Die nachfolgenden Plätze belegen der
Mercedes CLS
und
Audi A7
. Beide bauen auf bewegte Ziele vor einer Kollision selbstständig extrem viel Geschwindigkeit ab. Der Mercedes bremst zwar auch auf Standziele, kann aber Kollisionen nicht vermeiden. Der Audi aktiviert auf Standziele noch nicht autonom die Bremse, kann dafür aber mit der besten Warnkaskade im Test überzeugen. Beide Hersteller kündigten bereits eine weitere Ausbaustufe ihrer Notbremsassistenten an, welche dann auch kollisionsvermeidend eingreifen können.
Der
VW Passat
erlaubt sich keine echten Schwächen, kann aber nicht soviel Kollisionsgeschwindigkeit abbauen, wie z.B. Mercedes oder Audi. Auf Standziele wird durch die autonome Bremsung dagegen bis 30 km/h ein Aufprall vermieden.
Der
BMW 5er
erreicht ebenso wie der letztplatzierte
Infiniti M
das Gesamturteil „befriedigend“. Beide bauen durch den autonomen Eingriff nur wenig Geschwindigkeit ab. Die Kollisionswarnung im Infiniti
ist zudem uneffektiv. Als Innovation bietet der Japaner aber ein aktives Gaspedal, welches den Fahrer bei zu dichtem Auffahren über einen Gegendruck darauf aufmerksam macht. Leider fehlt es noch etwas an Feinabstimmung, wodurch das Pedal schnell nervig werden kann.

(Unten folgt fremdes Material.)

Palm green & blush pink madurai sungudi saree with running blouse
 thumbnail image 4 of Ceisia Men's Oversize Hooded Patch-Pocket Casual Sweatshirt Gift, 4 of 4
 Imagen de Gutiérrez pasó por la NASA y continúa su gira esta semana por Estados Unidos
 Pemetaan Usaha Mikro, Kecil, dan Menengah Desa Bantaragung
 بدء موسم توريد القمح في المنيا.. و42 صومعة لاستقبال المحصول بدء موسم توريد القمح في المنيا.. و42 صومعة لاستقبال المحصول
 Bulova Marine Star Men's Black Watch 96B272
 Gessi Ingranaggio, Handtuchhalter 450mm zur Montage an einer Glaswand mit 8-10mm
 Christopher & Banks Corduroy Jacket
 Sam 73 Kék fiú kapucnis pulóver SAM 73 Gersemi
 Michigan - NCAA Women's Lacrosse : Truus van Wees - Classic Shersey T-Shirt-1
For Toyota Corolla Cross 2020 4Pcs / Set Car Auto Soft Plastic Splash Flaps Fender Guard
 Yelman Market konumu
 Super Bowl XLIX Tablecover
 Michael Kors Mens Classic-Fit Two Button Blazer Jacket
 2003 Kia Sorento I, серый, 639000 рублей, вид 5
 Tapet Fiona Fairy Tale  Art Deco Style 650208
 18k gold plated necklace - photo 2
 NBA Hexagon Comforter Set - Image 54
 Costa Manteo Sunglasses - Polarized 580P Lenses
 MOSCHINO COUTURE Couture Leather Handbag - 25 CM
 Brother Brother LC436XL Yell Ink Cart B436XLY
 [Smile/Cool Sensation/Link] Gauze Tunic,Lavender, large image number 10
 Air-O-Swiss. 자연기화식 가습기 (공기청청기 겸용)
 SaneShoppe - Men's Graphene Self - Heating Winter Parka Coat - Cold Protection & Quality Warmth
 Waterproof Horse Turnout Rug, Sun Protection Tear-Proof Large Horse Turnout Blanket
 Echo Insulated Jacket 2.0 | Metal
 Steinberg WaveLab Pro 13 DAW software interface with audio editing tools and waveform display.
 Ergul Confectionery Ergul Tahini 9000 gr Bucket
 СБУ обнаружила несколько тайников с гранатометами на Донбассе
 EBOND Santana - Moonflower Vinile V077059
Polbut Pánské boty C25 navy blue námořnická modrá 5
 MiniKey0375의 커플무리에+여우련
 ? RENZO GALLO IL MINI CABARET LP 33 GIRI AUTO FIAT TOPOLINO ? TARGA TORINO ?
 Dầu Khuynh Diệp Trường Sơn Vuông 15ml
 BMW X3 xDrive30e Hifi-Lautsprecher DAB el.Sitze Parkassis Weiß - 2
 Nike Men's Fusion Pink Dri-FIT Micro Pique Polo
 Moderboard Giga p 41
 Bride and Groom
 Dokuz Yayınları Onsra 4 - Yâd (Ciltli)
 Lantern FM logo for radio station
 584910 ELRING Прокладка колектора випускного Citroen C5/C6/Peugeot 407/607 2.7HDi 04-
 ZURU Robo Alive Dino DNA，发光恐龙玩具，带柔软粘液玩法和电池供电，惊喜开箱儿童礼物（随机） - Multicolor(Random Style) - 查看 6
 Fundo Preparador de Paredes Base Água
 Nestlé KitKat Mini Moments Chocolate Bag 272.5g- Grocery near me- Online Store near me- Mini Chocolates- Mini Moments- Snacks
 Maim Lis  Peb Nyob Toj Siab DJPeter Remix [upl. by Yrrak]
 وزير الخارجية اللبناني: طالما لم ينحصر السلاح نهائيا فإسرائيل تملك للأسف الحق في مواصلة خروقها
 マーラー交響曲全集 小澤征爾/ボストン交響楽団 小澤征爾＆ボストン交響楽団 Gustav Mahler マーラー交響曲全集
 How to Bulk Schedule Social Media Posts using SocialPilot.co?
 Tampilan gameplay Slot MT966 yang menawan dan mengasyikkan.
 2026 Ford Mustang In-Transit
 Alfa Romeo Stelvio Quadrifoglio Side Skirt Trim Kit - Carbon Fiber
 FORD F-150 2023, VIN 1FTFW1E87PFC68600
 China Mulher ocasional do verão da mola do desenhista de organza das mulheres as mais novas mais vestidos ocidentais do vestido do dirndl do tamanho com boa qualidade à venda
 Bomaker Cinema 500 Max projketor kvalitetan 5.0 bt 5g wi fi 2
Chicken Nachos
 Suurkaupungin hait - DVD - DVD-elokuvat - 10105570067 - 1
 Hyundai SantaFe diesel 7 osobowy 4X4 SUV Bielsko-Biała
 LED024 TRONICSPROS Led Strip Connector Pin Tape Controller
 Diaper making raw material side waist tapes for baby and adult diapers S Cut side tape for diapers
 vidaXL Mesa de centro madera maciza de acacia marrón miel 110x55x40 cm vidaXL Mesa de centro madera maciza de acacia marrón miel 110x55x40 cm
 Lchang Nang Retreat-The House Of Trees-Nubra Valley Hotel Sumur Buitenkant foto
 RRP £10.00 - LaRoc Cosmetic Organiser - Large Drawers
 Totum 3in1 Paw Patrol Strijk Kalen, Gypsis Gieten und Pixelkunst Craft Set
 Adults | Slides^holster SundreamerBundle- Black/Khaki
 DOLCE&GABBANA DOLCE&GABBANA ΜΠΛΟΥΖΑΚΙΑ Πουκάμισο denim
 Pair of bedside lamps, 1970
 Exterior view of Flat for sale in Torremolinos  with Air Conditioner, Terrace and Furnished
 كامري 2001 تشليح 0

Als sinnvolles Extra beinhalten die Notbremsassistenten eine sehr gut funktionierende Zielbremsfunktion. Droht eine Kollision und der Fahrer bremst zu schwach, wird die Bremskraft automatisch genau so stark erhöht, dass eine Kollision vermieden werden kann. Einzig BMW und Infiniti haben diese Funktion nicht an Bord.
Fazit
Auch wenn oft der Satz fällt, „Ich bin ein guter Autofahrer, ich brauche so etwas nicht“ – Die Systeme sind nicht nur für unerfahrene Autofahrer sinnvoll. Jeder war schon mal in der Situation, dass er kurz abgelenkt war, sei es durch Radiobedienung, nörgelnde Kinder im Fond oder sonstige Umwelteinflüsse.Trotz aller Technik gilt: Die Systeme ersetzten nie einen aufmerksamen Fahrer – Wer konsequent den Abstand zum Vordermann einhält und eine defensive Fahrweise an den Tag legt, trägt einen massiven Beitrag zur Verkehrssicherheit bei. Im Notfall können die Insassen dank der Assistenten aber vor schweren Unfällen geschützt werden.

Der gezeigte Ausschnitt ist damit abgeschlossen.